Symptoms of Cirrhosis Due to Hepatitis C
You may not have any signs or symptoms of cirrhosis until it has done considerable damage to your liver. Symptoms of cirrhosis include:
- loss of appetite, weight loss
- bleeding or bruising easily
- itchy skin
- yellow discoloration in eyes and skin (jaundice)
- swelling in legs
- fluid in abdomen (ascites)
- abnormal blood tests (bilirubin, albumin, coagulation parameters, etc.)
- enlarged veins in the esophagus and upper stomach that may bleed (variceal hemorrhage)
- impaired mental function due to buildup of toxins (hepatic encephalopathy)
- infection of the abdominal lining (bacterial peritonitis)
- combined kidney and liver failure (hepatorenal syndrome)
The presence of cirrhosis in HCV patients is confirmed when a liver biopsy shows scarring. Lab tests and a physical exam may be enough to diagnose an advanced case of liver disease without a biopsy.
Progressing to Cirrhosis
Less than a quarter of those with HCV will develop cirrhosis. But, some patients with HCV are more likely to develop cirrhosis. Alcohol use can increase the risk, so anyone with chronic HCV infection should avoid alcohol.
Being infected with HCV and another virus (such as HIV or hepatitis B) can increase your risk for cirrhosis. High levels of iron in the blood can also increase your risk.
Cirrhosis can accelerate after age 45, as fibrosis and scarring increase. Aggressively treating HCV infection in younger people may help prevent progression to cirrhosis.
If caught early, cirrhosis can have a good prognosis. Treating an HCV patient with interferon might help slow the progression of cirrhosis.
People with advanced, decompensated cirrhosis don’t have as good of an outlook. Ultimately, the only effective treatment for advanced cirrhosis is a liver transplant. HCV infection is the most common cause of liver transplant in the United States.
It’s important to stay as healthy as possible if you have cirrhosis. Be sure to keep all immunizations up to date, including hepatitis B, hepatitis A, influenza, and pneumonia.
Cirrhosis can change the way blood flows through your body. The scarring may block blood flow through the liver. Blood might shunt through large vessels (varices) in the stomach and esophagus. These blood vessels can enlarge and rupture, causing bleeding into the stomach. Make sure to watch for abnormal bleeding.

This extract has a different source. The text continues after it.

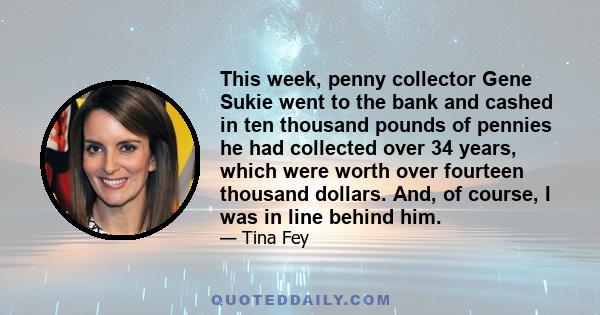 This week, penny collector Gene Sukie went to the bank and cashed in ten thousand pounds of pennies he had collected over 34 years, which were worth over fourteen thousand dollars. And, of course, I was in line behind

Liver cancer is another possible complication of cirrhosis. Your doctor may use ultrasound and certain blood tests every few months to test for possible cancer. Other complications of cirrhosis include:
- gingivitis or gum infections
- changes in how medications are processed in your body
HCV and Cirrhosis Treatments
Patients with early-stage cirrhosis can be treated with interferon and ribavirin. These medications may slow the progression of liver disease and liver failure. Even if the HCV cannot be completely cleared from your body, a long-term, low level of interferon may help delay complications of cirrhosis.

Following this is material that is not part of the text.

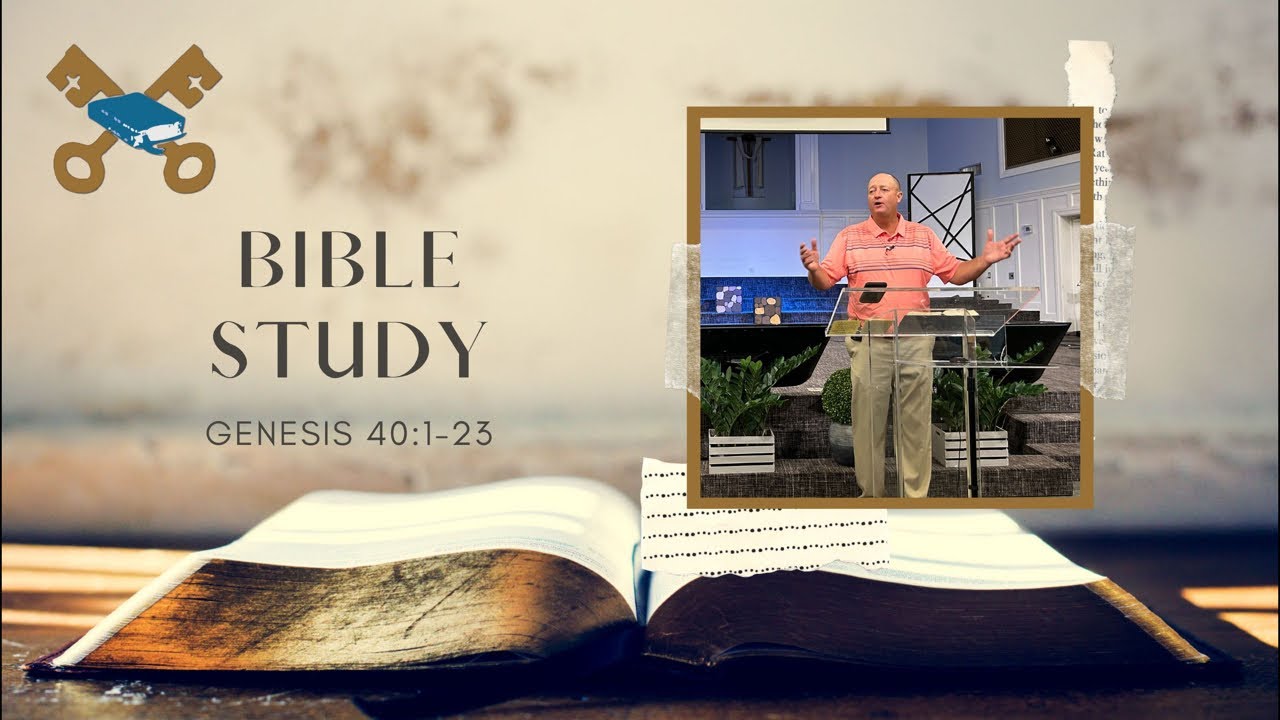 Bible Study—Genesis 40:1-23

Once cirrhosis has become advanced, treatment becomes much more difficult due to complications like ascites, anemia, and encephalopathy. This can make it unsafe to administer certain medications. Liver transplantation may be the only possible treatment.
Cirrhosis Doesn’t Have to Be the End
Patients can live for decades with cirrhosis, especially if it’s diagnosed early. To preserve liver health, maintain your general health, avoid alcohol, get regular medical care, and treat the underlying HCV infection. Work with a good gastroenterologist or hepatologist to find the best treatment and to monitor possible complications.